Thousands of women who have radiotherapy for breast cancer could be spared severe side-effects after scientists found that targeted treatments or lower doses were just as effective.
The study, led by Cambridge University and the Institute of Cancer Research in London, showed that irradiating the tumour – rather than the whole breast – was just as good and came with fewer side-effects.
A second approach – bathing the whole breast with radiation but using a lower dose – was also equally effective and also reduced adverse effects.
The less aggressive technique was shown to reduce permanent disfigurement of the breasts. The main side-effect of radiotherapy is an overall change in breast appearance; women also report pain, hardening of tissue, sensitivity and a build-up of fluid.
The scientists told the European Breast Cancer Conference in Barcelona that each of these side-effects were reduced with the targeted or low-dose approach.
More than 38,000 women have radiotherapy for breast cancer in England each year. The procedure is given after having a tumour surgically removed and is designed to eradicate all remaining cancer cells.
The trial involved testing the lower dose and more targeted dose among 1,200 women at 41 British hospitals, and then monitoring them for five years after treatment.
The researchers found no difference in rates of cancer recurrence with the less aggressive approaches, and the patients reported significantly lower side-effects.

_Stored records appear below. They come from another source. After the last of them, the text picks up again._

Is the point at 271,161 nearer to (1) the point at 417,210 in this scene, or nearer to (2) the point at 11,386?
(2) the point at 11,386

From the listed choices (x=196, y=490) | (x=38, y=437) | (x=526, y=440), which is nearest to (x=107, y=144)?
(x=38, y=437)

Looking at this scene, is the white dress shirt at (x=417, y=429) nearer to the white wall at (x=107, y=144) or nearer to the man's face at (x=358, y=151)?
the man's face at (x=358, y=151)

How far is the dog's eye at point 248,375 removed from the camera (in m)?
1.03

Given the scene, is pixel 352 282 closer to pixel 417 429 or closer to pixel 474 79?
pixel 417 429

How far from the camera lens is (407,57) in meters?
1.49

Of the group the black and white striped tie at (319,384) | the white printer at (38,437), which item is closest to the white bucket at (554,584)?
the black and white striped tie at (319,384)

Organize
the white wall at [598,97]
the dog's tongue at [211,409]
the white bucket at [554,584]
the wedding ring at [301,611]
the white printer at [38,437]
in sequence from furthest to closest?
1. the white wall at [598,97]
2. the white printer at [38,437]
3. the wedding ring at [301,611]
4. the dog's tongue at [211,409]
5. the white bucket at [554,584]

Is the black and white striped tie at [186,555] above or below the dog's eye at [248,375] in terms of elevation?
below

Dr Indrani Bhattacharya, a clinical research fellow at the Institute of Cancer Research, said: ‘The findings from this study are reassuring for women who are offered either whole breast or partial breast radiotherapy using this technique of radiotherapy, which is simple to deliver and already available in centres worldwide.’
Grete Brauten-Smith, of the Breast Cancer Care charity, said: ‘While radiotherapy is never a walk in the park, it will be wonderful if fewer people experience traumatic side-effects, such as severe pain, as a result.’